El amor de Dios resplandece incomparablemente en la Cruz: el amor del Padre, que envío a su Hijo para redimirnos; el amor del Hijo a su Padre y a nosotros, los hombres; el amor del Espíritu Santo, quien nos revela más profundamente este acontecimiento de amor y lo actualiza en nosotros.
“¡Dios me libre de gloriarme si no es en la cruz de nuestro Señor Jesucristo” –exclama San Pablo (Gal 6,14).
Al pie de la Cruz permanecemos para acoger el amor de Dios y permitir que la salvación que Cristo nos alcanzó en ella se asiente cada vez más profundamente en nosotros.

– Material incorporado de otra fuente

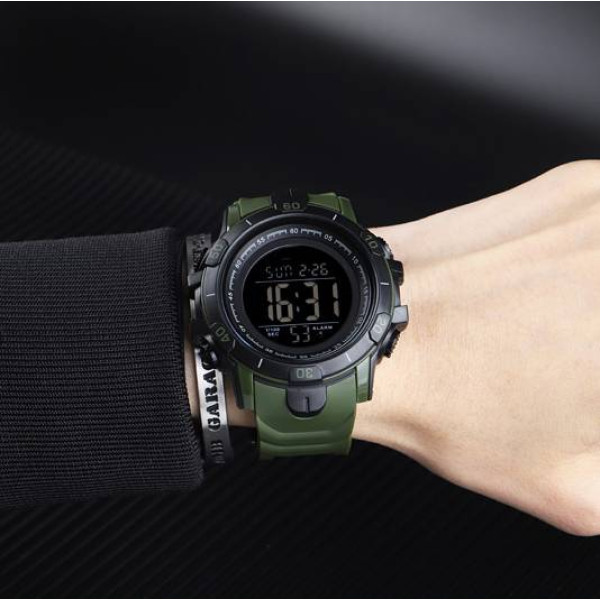 Мужские часы Skmei 1475AG Black-Military Wristband фото 4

En el Mensaje a la Madre Eugenia el Padre nos dice:
“La Cruz es Mi camino para descender hacia Mis hijos, porque fue por medio de Ella que os redimí a través de Mi Hijo. Para vosotros, la Cruz es el camino para ascender hacia Mi Hijo, y desde Mi Hijo hasta Mí. Sin ella nunca podríais llegar, porque con el pecado el hombre ha atraído sobre sí mismo el castigo de la separación de Dios.”
Al contemplar la Cruz, cobramos consciencia del amor de Dios. Ella testifica cuán amados somos por Él, y cuán dispuesto está a hacerlo todo con tal de que vivamos con Él como hijos redimidos. La Cruz es nuestro camino para ascender a Dios, porque, gracias al perdón de los pecados que Cristo nos ofrece en Ella, podemos volver a alzar la mirada y, en consecuencia, queda derribado el muro de la dolorosa separación de nuestro Padre: la tristeza se convierte en alegría, el miedo en confianza, la distancia en cercanía, la desesperanza en esperanza, el orgullo en gratitud y humildad, la rebeldía en obediencia, el vacío en plenitud…
¡Por tu Cruz, oh Señor, has vencido a la muerte!